The industry needs a more consistent approach to compliant advice documentation so that regtech providers can create effective, scalable solutions, according to Red Marker director Matt Symons.
Symons says that for software company Red Marker – which uses natural language processing to review advice documents against regulatory and internal requirements – coming up with solutions is difficult because they aren’t dealing with “stable inputs or stable problems”.
Symons compares financial planning to the medical industry to illustrate how artificial intelligence tools work much better when the underlying problems are uniform.
“In health and in diagnostics you get a stable problem,” he explains. “You’re looking for a broken bone or an identifier for a disease. So, the training dataset to improve the performance of the intelligence being used is fairly consistent – you’ve got x-rays of a broken leg or something.”
In advice, however, licensees and advisers tend to form their own interpretation of what regulatory guidelines, such as the Corporations Act, really mean.
Advisers aren’t to blame, he says. They’re caught between regulatory constraints and the need to create financial documents that are attractive and unique enough to engage their clients.
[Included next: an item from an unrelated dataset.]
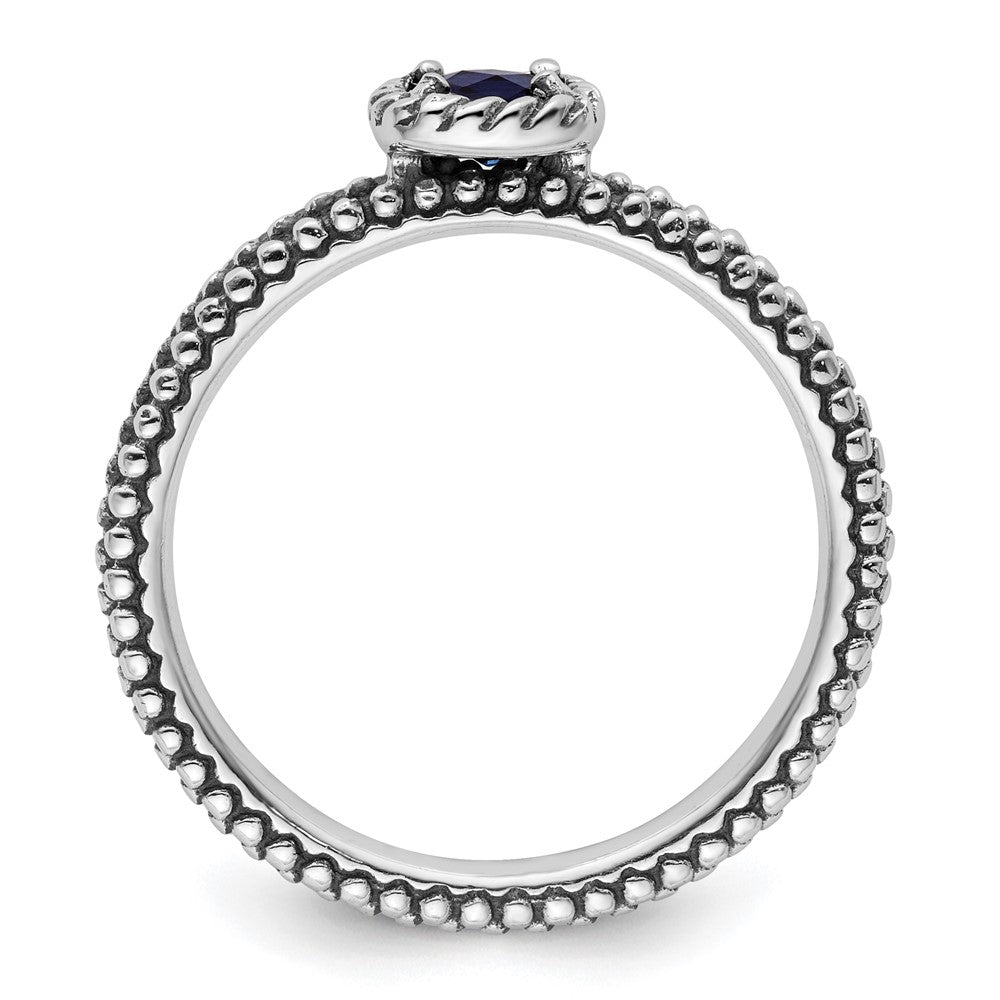 Sterling Silver Stackable Expressions Polished Cr. Sapphire Ring Size -9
“The industry has to try to do two things at once, which we absolutely understand and have a great sympathy for,” Symons says. “On the one hand it’s got either changing regulation or changing expectations about what existing regulation requires. On the other hand, it’s trying to create more engaging, pithy and cut-through ways of communicating with clients.”
The problem with such a variety in these documents – primarily statements of advice – is that they limit the ability of artificial intelligence tools to help. According to Brian Knight, chief executive at education provider Kaplan, which acquired Red Marker in 2017, this means “you’re not going to get enough consistency for technology to play the role it potentially can”.
“We’ve been on this journey to automate SoAs, but it gets more complex the more we delve into the different SoAs and approved product lists, which means the ability of technology to improve things is limited,” Knight says. “If that happens, then you’re back to a manual checking process which is going to be cost prohibitive and the industry is going to struggle”.
Symons thinks collaboration, not tighter regulation, is the answer to greater consistency in documentation.
“We don’t think the answer is for regulators to step in and be more prescriptive,” Symons says. “But we do think creating a forum where we can start to agree on at least some of the categories of governance and inputs and outputs is going to materially advance our ability to create common tools and data-sets that help advisers.”